I can see where you're coming from Ben. The item I sent you pics of was the adaptor tube, in black rubber with an L shaped connector one end and female bayonet the other. Mick P and others have told me thay have seen braided ones (From Mick: '...I have several adaptor/connecors (adapting the E, E* and G mask to the Mk III bayonette connector) and they are all plain black rubber, although I have seen them pictured with the black/yellow braided covering...), although mine and others Ive seen are plain black. So they might have originally all had the braiding.

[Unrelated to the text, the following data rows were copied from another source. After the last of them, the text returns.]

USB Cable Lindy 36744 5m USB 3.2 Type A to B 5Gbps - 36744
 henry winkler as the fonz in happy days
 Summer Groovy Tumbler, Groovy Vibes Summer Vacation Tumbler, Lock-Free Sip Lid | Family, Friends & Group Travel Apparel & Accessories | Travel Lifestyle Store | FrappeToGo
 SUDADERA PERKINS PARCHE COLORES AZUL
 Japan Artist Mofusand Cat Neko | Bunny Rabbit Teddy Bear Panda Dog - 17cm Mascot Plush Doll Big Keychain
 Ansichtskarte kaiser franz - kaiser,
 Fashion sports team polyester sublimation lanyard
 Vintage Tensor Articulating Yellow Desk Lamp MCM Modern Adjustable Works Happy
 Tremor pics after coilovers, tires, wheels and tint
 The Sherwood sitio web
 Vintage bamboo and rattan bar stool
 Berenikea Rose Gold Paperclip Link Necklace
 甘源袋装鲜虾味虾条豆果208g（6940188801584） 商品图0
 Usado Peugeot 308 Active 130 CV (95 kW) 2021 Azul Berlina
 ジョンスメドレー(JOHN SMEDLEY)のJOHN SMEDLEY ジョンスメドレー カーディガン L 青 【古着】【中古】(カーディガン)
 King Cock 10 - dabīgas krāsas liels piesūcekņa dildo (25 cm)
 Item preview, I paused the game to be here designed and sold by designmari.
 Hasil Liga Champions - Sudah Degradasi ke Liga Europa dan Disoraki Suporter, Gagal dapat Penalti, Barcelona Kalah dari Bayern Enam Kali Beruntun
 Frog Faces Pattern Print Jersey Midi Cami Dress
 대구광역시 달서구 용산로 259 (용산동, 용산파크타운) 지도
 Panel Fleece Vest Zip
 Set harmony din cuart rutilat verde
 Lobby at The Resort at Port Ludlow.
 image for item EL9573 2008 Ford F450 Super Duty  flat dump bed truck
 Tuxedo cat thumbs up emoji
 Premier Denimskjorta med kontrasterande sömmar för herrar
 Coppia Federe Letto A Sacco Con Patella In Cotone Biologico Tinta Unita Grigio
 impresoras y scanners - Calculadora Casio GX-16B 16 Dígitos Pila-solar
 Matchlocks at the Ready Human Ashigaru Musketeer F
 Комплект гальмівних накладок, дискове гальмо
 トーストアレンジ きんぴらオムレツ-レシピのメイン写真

Mick makes another note re the braiding. '...Yes - I have seen numerous photos with the braiding frayed - sometimes it's obvious the rubber is black, sometimes it's obviously a light colour (I'm guessing the salmon pink/orange, or possibly grey - I have seen rubber tubing in both colours). I would guess that the yellow braiding is the original early one (the one that was confused with the radio lead). I think the reason they opted for the yellow fleck as standard for oxygen isn't because the masks could be used for other gases, but because the tubing was used for other gases (I recall at college learning to do oxy-acetylin welding and having it drummed into me that you always turn on and light the acetylin first - never the oxygen unless you wanted to blow yourself up). Perhaps it just made more sense for everyone if they were consistent when refilling the oxygen tanks etc. to make sure they always used the right gas. I'd hate to get to 20,000 feet and find out I was breathing in acetylin! I also think you are probably right that they just pulled the braiding off once it tore - although there was always a danger of the rubber freezing (the braiding was supposed to prevent that)...

There will always be photos showing hoses (in whatever use) with no braid, it being either replacement hose, or hose that has been worn and the braiding removed. But I'd think on new items the braiding would be present, with the colour of the rubber hose itself bearing no relation to the use. I'd even hazard a guess that in some cases simple rubber tubing was used on masks when replaced in the field, that wasnt specially made for low temperatures. The braiding served several purposes (in the case of masks, to prevent freezing, to prevent damage to the rubber, and an instant recognition of what it was) so I doubt was ever dropped. There was certainly a colour code chart as I had it, I think it appeared in one of the Airfix books about aircraft.